> _TASK INSTRUCTIONS_:
One part of the entries below is wanted: the lines from the one containing "Used 2025 Kia" through the one containing "Sailfish Dr, Atlantic Beach, FL 32233". Write those out exactly and nothing else.

> _DATASET EXCERPTS_:
# # # # # # #

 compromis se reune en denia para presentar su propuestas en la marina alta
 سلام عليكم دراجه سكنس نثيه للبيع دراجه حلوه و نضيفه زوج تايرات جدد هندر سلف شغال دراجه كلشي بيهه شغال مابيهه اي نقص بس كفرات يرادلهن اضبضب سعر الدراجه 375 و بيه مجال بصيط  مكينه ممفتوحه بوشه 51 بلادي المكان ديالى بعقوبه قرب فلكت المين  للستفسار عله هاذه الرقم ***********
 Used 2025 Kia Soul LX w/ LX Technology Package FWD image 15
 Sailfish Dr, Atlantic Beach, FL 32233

# # # # # # #

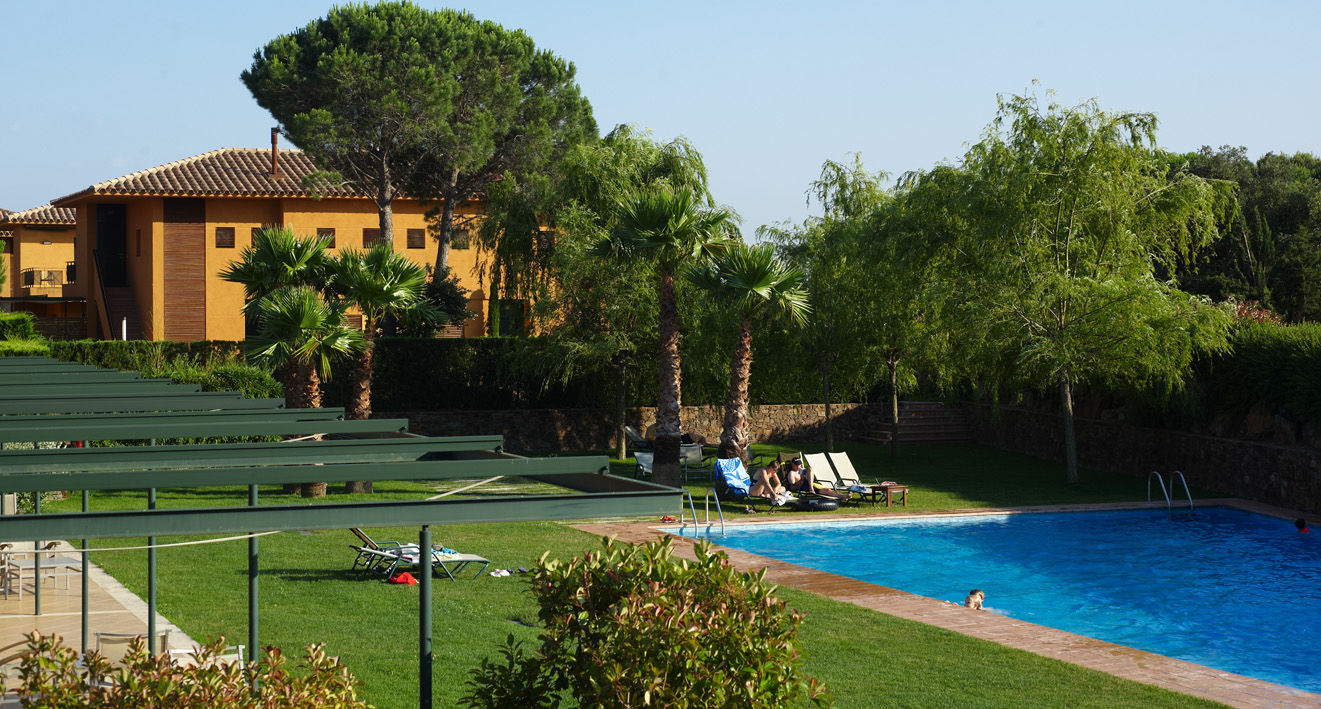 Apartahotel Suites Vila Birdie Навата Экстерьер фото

# # # # # # #

> _ANSWER SECTION_:
 Used 2025 Kia Soul LX w/ LX Technology Package FWD image 15
 Sailfish Dr, Atlantic Beach, FL 32233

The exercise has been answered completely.